DESCRIPTION OF THE TASK:
Filter the records below for the word "then". Copy each line that holds it.

DATA TO USE:
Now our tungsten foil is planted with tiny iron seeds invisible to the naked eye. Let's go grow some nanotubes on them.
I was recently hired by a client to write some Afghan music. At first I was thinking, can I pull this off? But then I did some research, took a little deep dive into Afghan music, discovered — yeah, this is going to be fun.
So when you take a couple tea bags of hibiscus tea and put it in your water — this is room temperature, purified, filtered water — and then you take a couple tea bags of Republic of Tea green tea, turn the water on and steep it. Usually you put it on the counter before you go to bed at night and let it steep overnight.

...

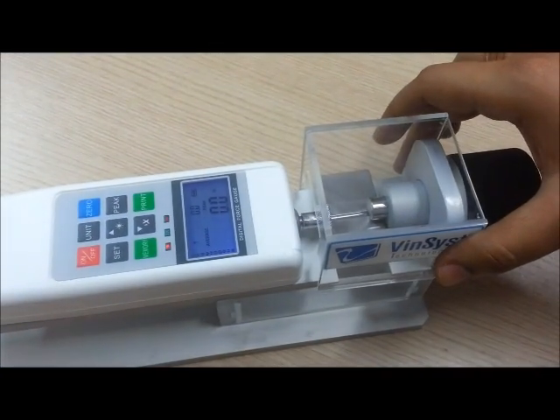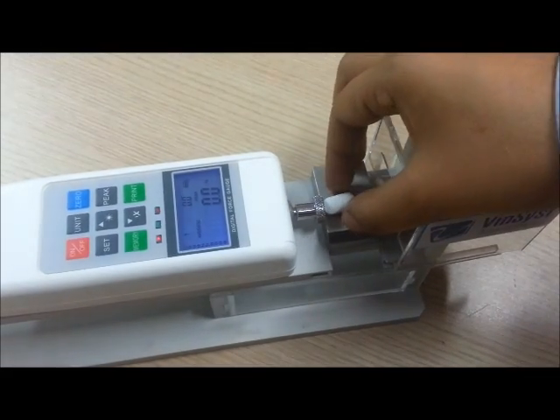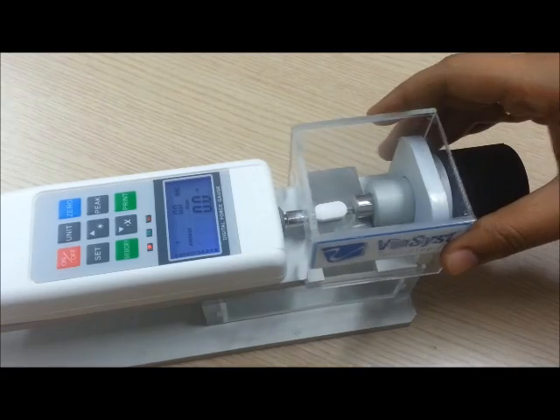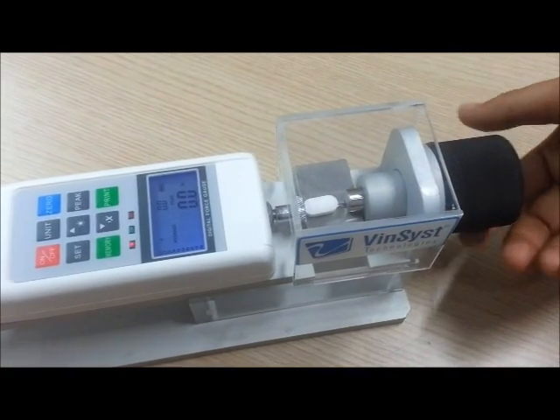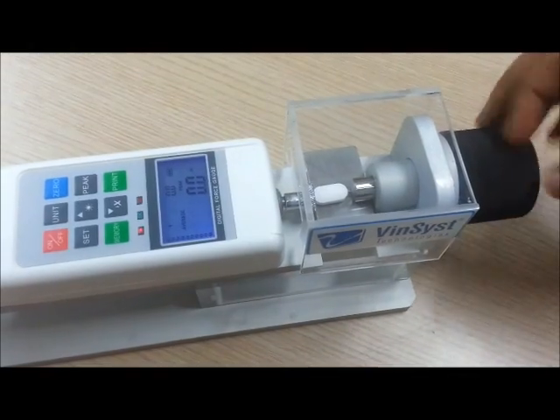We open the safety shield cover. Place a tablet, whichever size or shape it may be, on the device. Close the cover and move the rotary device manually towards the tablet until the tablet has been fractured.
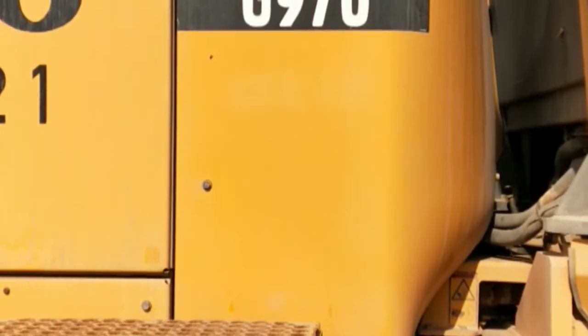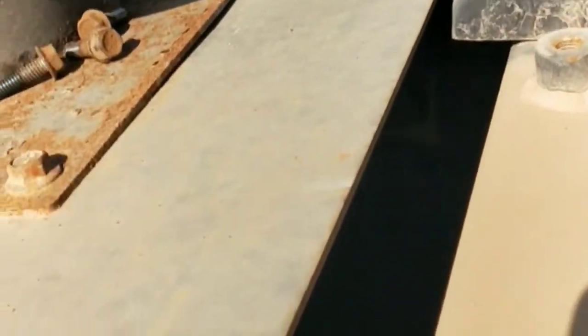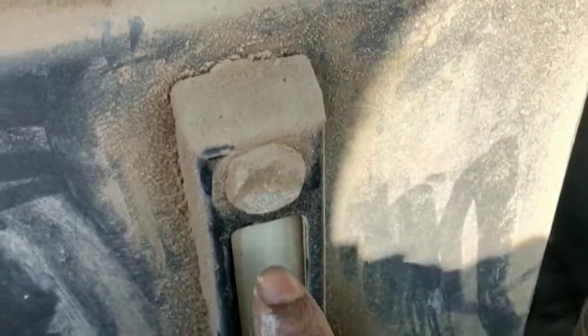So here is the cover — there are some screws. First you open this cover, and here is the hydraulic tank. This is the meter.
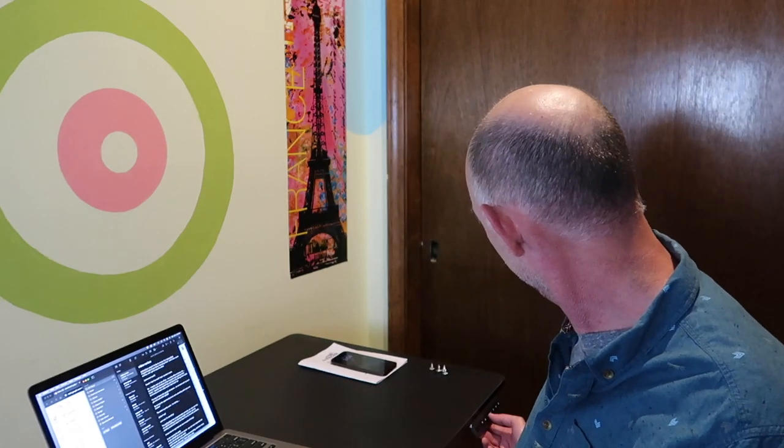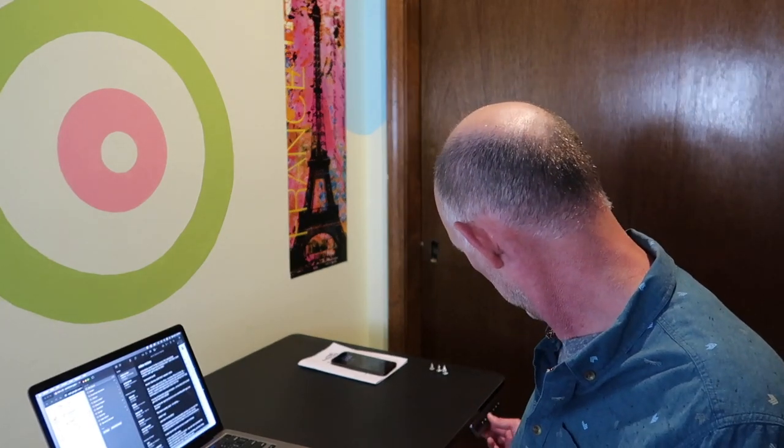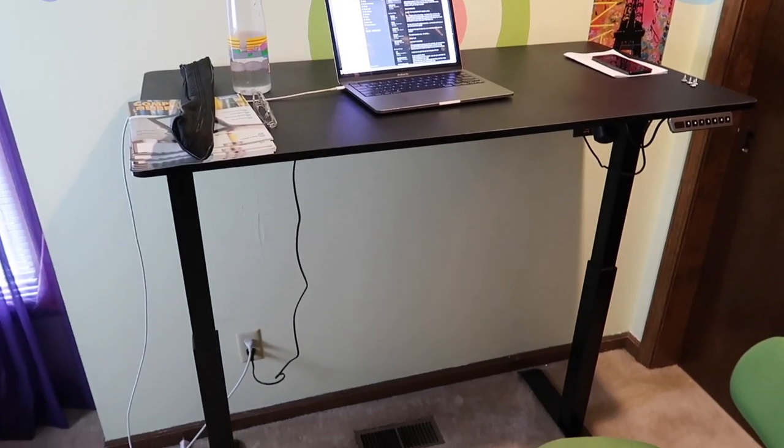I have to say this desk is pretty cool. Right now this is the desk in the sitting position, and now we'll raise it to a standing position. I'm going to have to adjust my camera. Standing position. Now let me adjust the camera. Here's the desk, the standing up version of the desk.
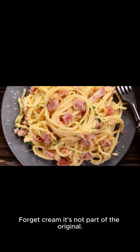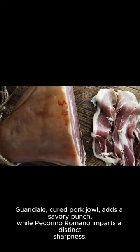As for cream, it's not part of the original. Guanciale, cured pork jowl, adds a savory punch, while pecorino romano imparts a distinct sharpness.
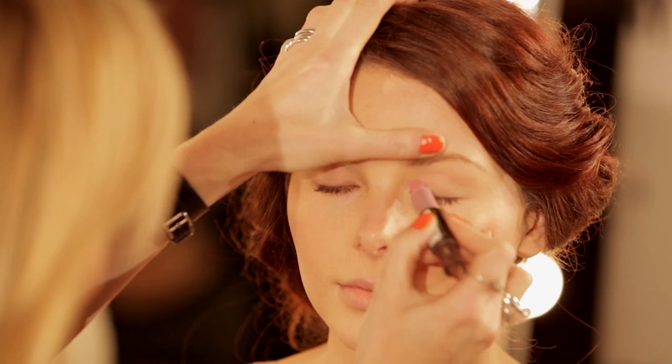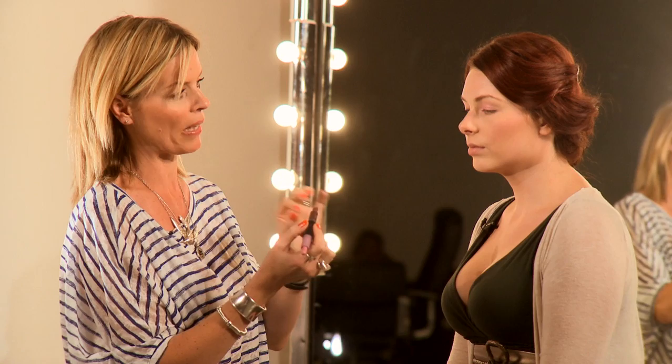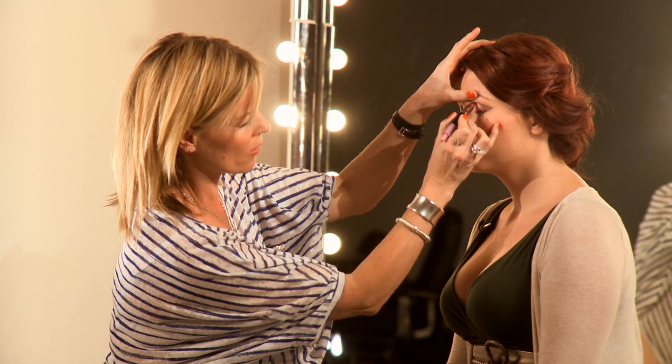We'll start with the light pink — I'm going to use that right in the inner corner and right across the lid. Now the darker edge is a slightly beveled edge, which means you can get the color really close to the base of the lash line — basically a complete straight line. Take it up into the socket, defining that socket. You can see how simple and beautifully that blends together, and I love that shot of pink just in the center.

SOLUTION TO THE PROBLEM:
I was recently hired by a client to write some Afghan music. At first I was thinking, can I pull this off? But then I did some research, took a little deep dive into Afghan music, discovered — yeah, this is going to be fun.
So when you take a couple tea bags of hibiscus tea and put it in your water — this is room temperature, purified, filtered water — and then you take a couple tea bags of Republic of Tea green tea, turn the water on and steep it. Usually you put it on the counter before you go to bed at night and let it steep overnight.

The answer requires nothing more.